What to do - Every record below should be repeated exactly, with the pictures left out.

Saved data entries

· · · ·

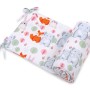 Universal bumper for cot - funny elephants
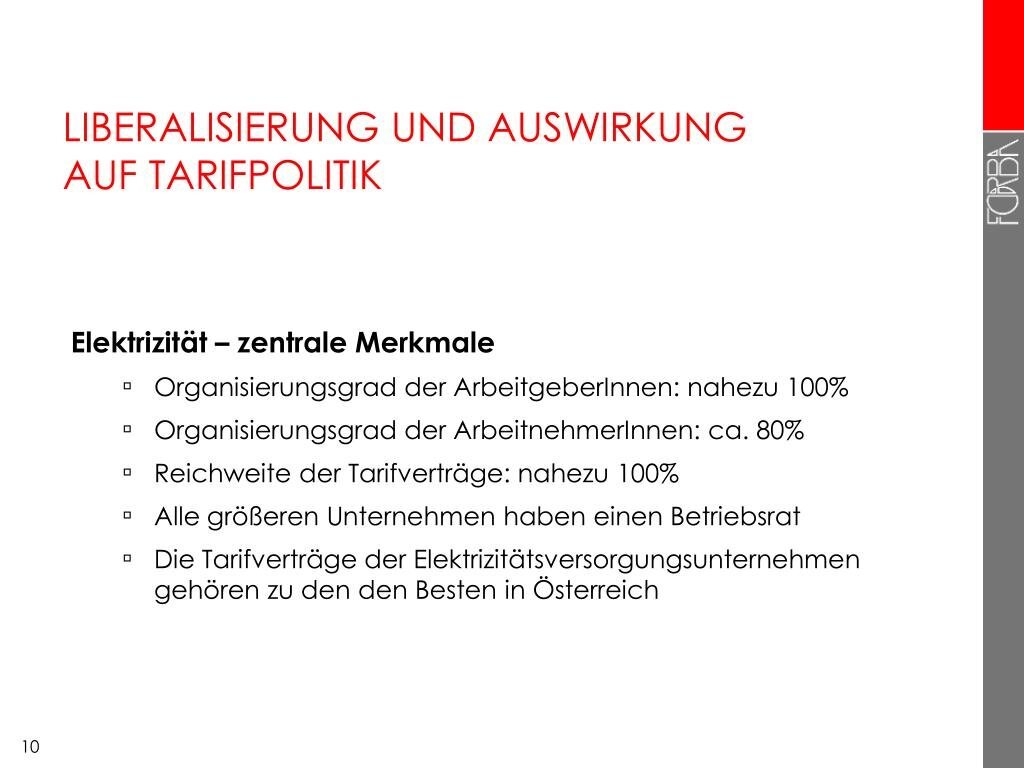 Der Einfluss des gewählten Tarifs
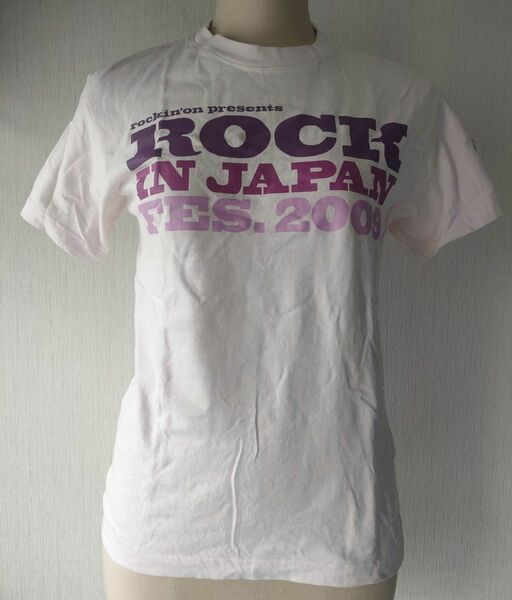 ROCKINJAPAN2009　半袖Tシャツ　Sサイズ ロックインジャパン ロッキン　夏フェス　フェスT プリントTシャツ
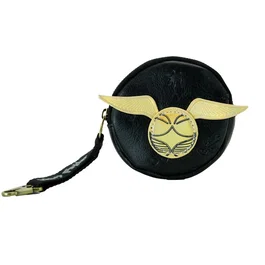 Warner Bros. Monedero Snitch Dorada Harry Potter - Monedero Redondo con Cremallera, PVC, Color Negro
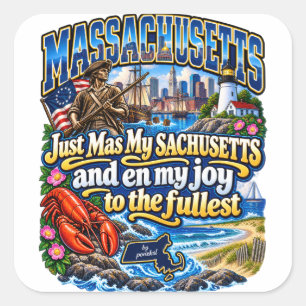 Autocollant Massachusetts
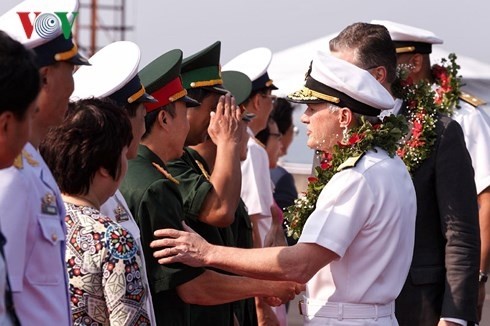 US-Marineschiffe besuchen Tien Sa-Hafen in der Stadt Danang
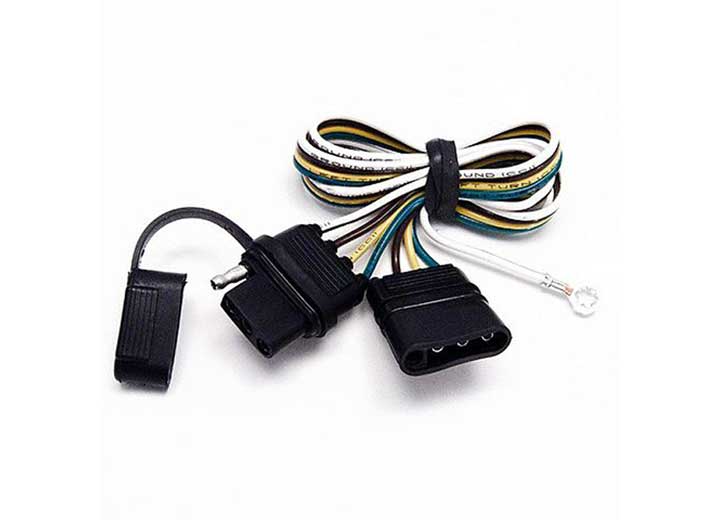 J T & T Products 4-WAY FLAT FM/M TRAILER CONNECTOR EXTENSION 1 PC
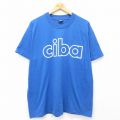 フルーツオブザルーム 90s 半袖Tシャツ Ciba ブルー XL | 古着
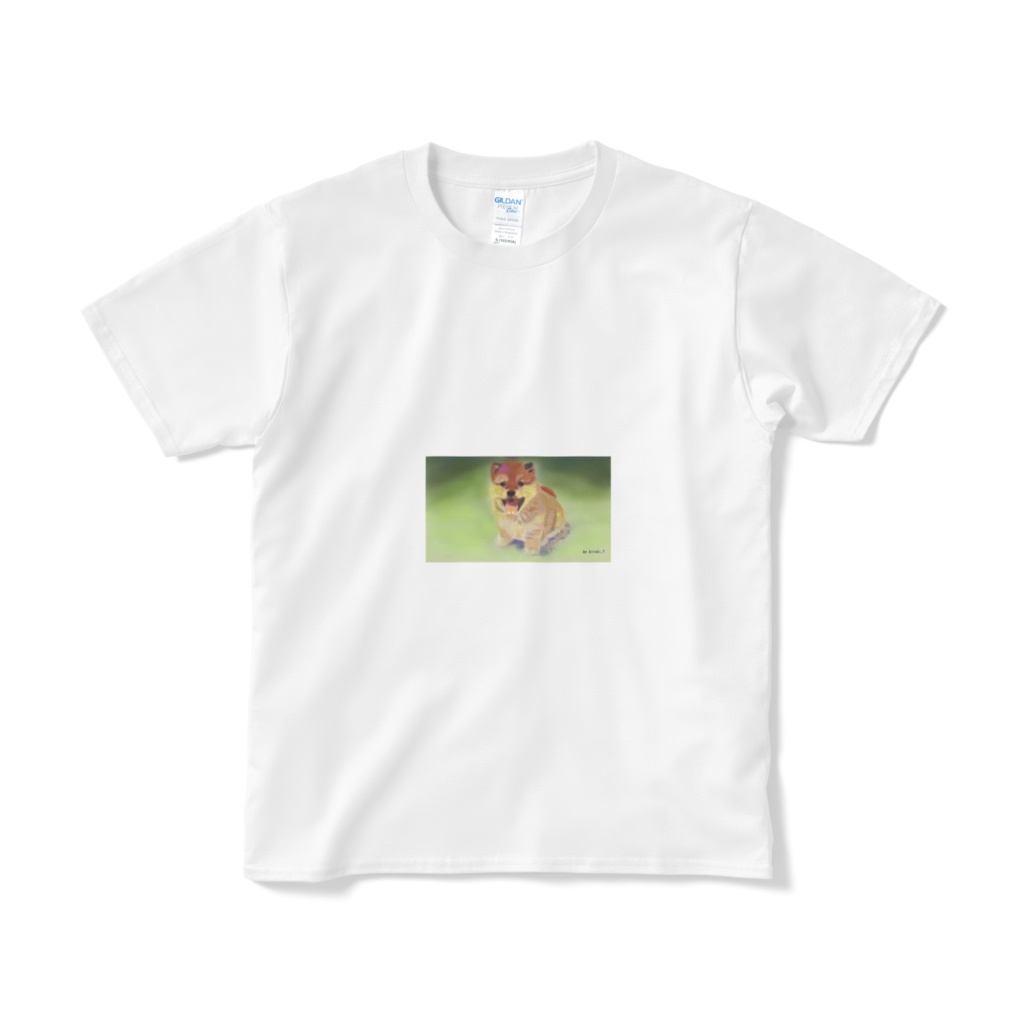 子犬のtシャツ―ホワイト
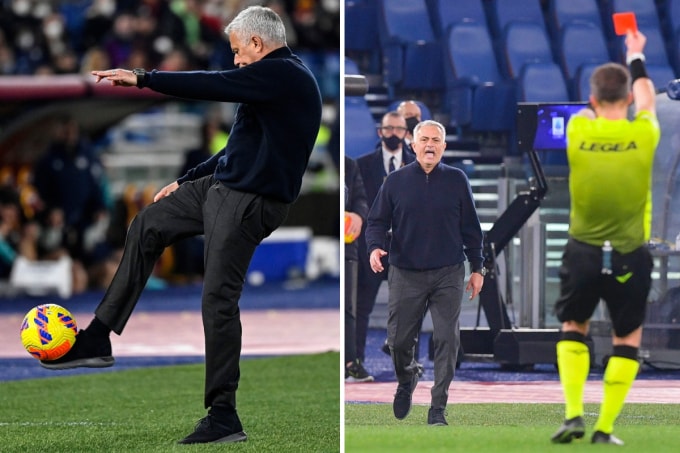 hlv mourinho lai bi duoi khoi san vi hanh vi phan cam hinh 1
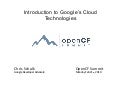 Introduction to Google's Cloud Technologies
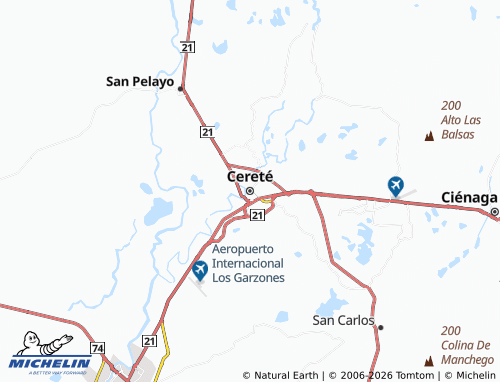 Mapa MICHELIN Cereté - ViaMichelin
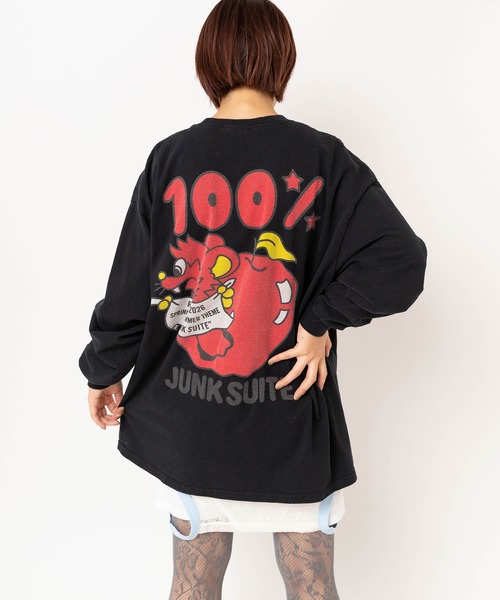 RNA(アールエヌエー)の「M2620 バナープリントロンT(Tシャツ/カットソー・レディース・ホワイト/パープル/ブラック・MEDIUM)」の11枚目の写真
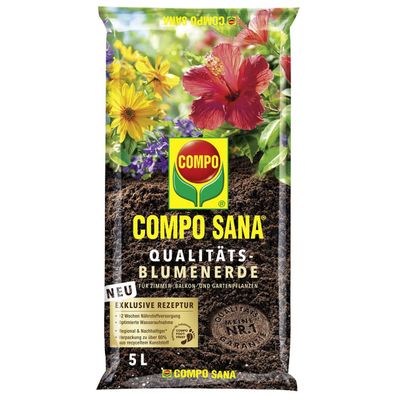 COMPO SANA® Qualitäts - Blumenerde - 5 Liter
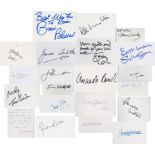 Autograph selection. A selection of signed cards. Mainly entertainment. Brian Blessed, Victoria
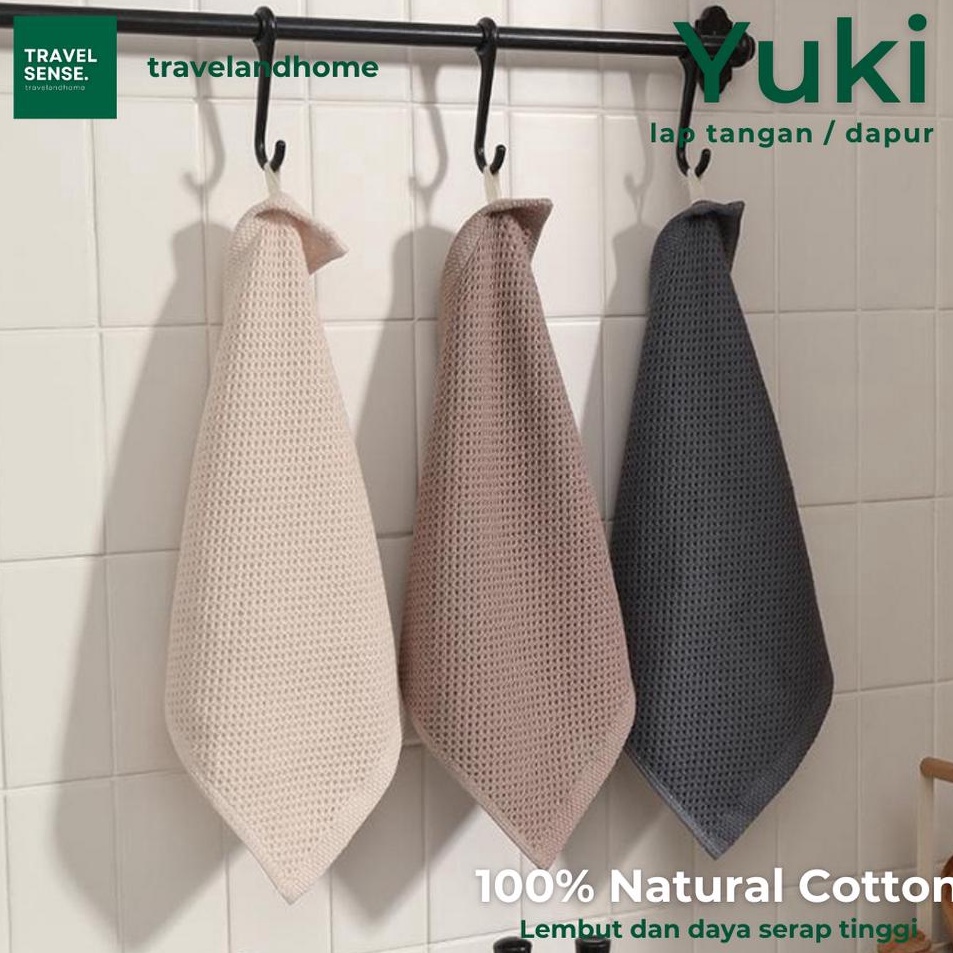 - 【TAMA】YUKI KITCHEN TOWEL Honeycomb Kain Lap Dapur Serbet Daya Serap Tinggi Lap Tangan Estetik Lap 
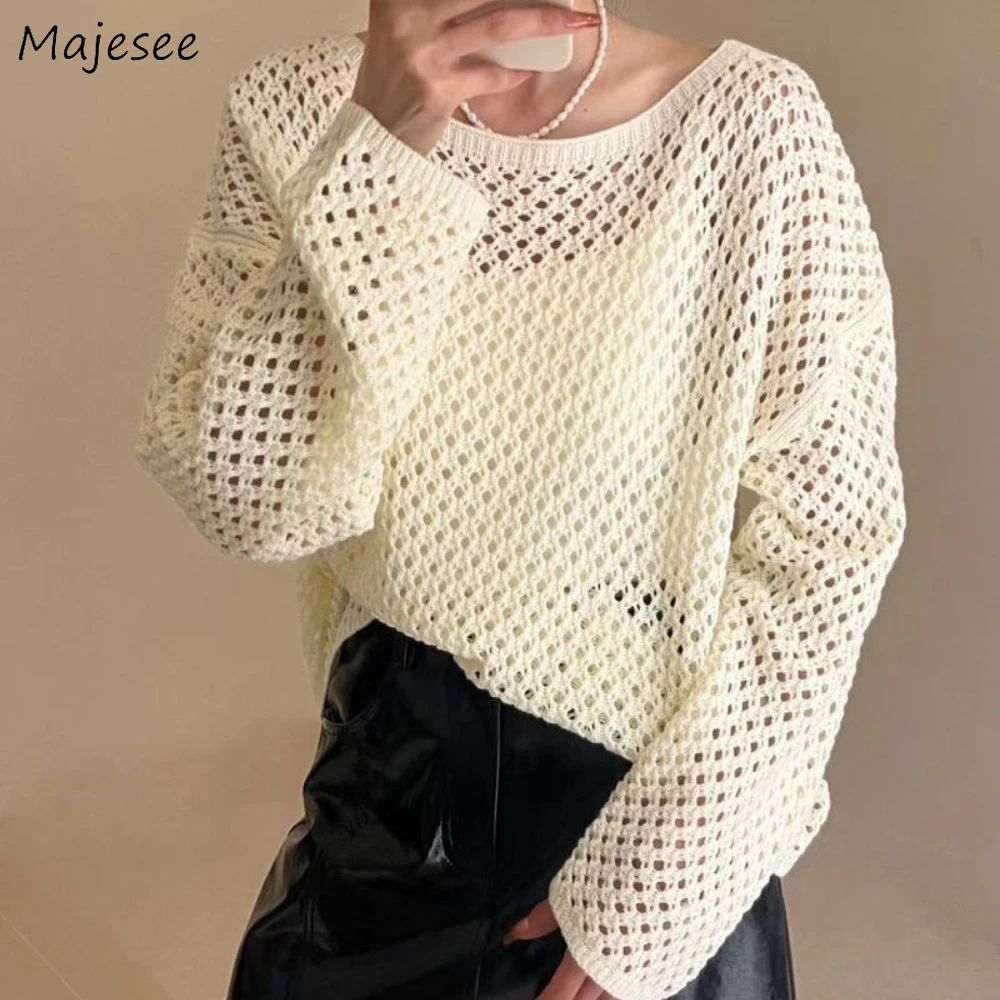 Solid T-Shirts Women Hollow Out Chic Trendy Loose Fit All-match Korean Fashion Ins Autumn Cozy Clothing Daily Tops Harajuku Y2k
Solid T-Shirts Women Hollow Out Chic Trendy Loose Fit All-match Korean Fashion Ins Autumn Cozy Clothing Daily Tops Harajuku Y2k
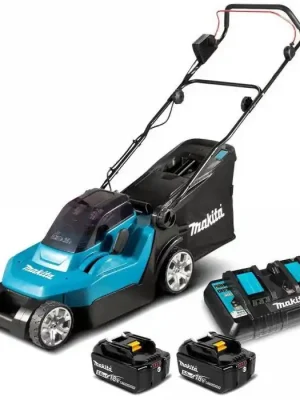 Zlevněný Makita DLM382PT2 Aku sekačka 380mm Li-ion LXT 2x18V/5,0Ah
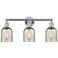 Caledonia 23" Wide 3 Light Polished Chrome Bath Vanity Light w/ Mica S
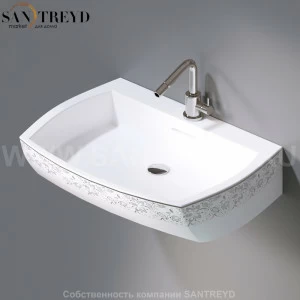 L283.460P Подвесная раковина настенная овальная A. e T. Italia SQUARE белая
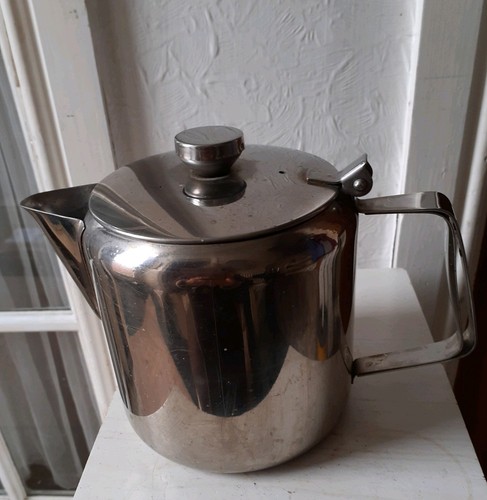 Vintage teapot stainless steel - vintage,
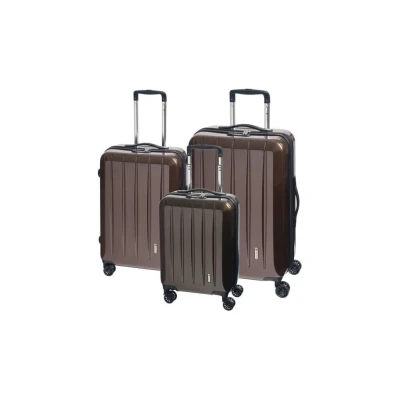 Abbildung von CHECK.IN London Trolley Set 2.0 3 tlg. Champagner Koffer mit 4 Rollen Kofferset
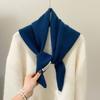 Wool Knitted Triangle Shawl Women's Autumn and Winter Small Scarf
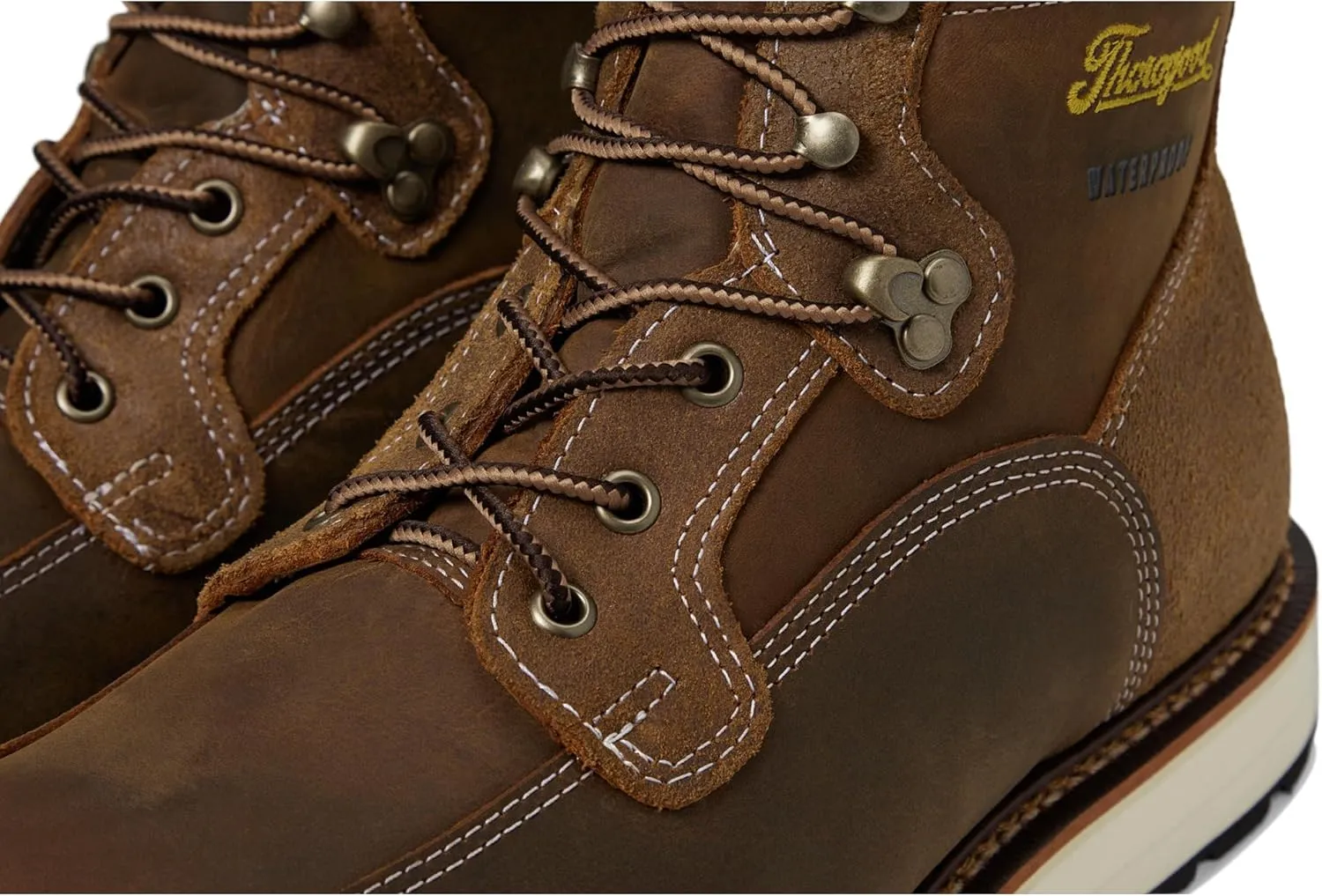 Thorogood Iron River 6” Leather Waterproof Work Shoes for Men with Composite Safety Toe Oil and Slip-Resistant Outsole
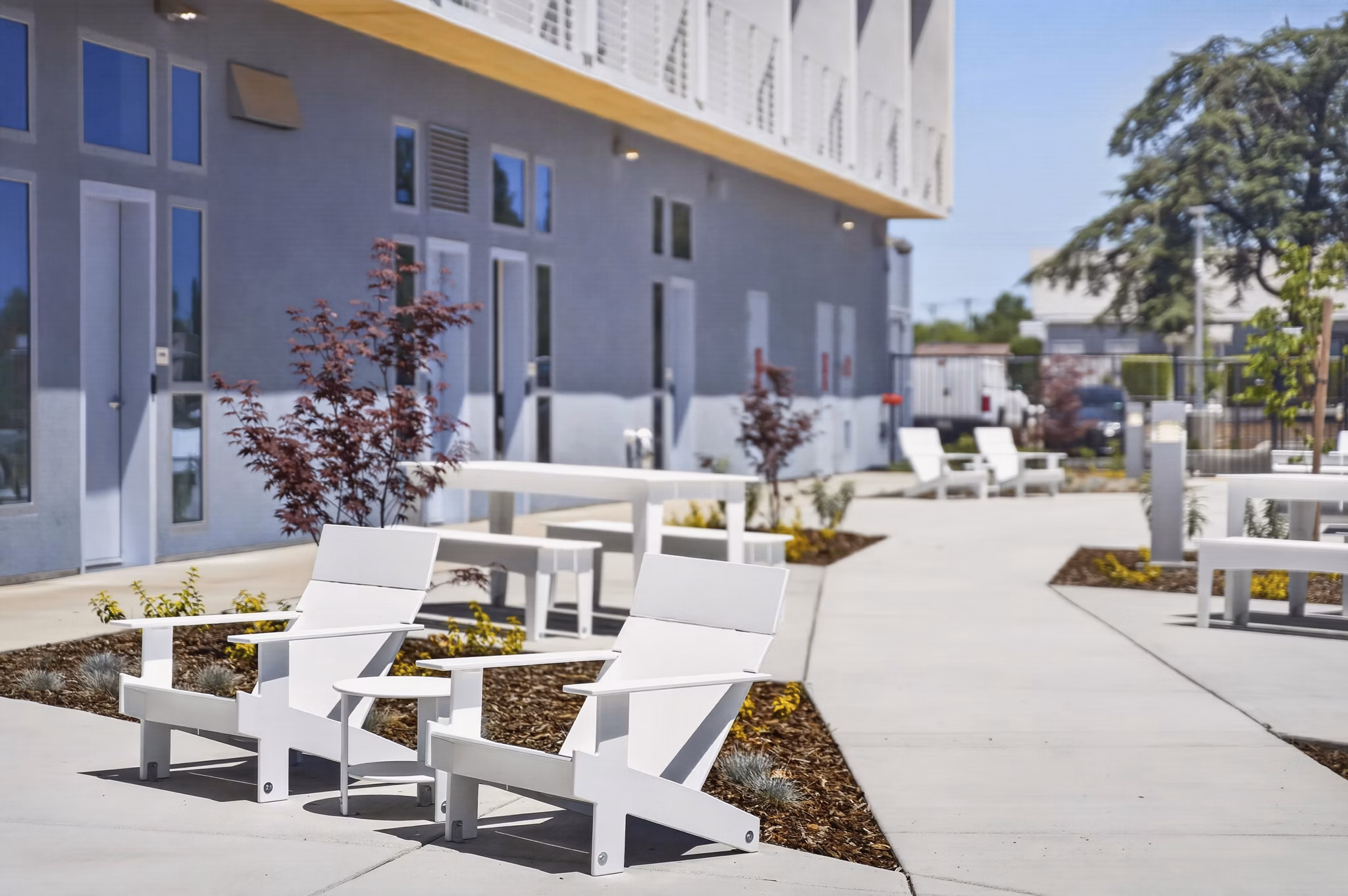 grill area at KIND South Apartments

· · · ·

Task response -
 Universal bumper for cot - funny elephants
 Der Einfluss des gewählten Tarifs
 ROCKINJAPAN2009　半袖Tシャツ　Sサイズ ロックインジャパン ロッキン　夏フェス　フェスT プリントTシャツ
 Warner Bros. Monedero Snitch Dorada Harry Potter - Monedero Redondo con Cremallera, PVC, Color Negro
 Autocollant Massachusetts
 US-Marineschiffe besuchen Tien Sa-Hafen in der Stadt Danang
 J T & T Products 4-WAY FLAT FM/M TRAILER CONNECTOR EXTENSION 1 PC
 フルーツオブザルーム 90s 半袖Tシャツ Ciba ブルー XL | 古着
 子犬のtシャツ―ホワイト
 hlv mourinho lai bi duoi khoi san vi hanh vi phan cam hinh 1
 Introduction to Google's Cloud Technologies
 Mapa MICHELIN Cereté - ViaMichelin
 RNA(アールエヌエー)の「M2620 バナープリントロンT(Tシャツ/カットソー・レディース・ホワイト/パープル/ブラック・MEDIUM)」の11枚目の写真
 COMPO SANA® Qualitäts - Blumenerde - 5 Liter
 Autograph selection. A selection of signed cards. Mainly entertainment. Brian Blessed, Victoria
 - 【TAMA】YUKI KITCHEN TOWEL Honeycomb Kain Lap Dapur Serbet Daya Serap Tinggi Lap Tangan Estetik Lap 
 Solid T-Shirts Women Hollow Out Chic Trendy Loose Fit All-match Korean Fashion Ins Autumn Cozy Clothing Daily Tops Harajuku Y2k
Solid T-Shirts Women Hollow Out Chic Trendy Loose Fit All-match Korean Fashion Ins Autumn Cozy Clothing Daily Tops Harajuku Y2k
 Zlevněný Makita DLM382PT2 Aku sekačka 380mm Li-ion LXT 2x18V/5,0Ah
 Caledonia 23" Wide 3 Light Polished Chrome Bath Vanity Light w/ Mica S
 L283.460P Подвесная раковина настенная овальная A. e T. Italia SQUARE белая
 Vintage teapot stainless steel - vintage,
 Abbildung von CHECK.IN London Trolley Set 2.0 3 tlg. Champagner Koffer mit 4 Rollen Kofferset
 Wool Knitted Triangle Shawl Women's Autumn and Winter Small Scarf
 Thorogood Iron River 6” Leather Waterproof Work Shoes for Men with Composite Safety Toe Oil and Slip-Resistant Outsole
 grill area at KIND South Apartments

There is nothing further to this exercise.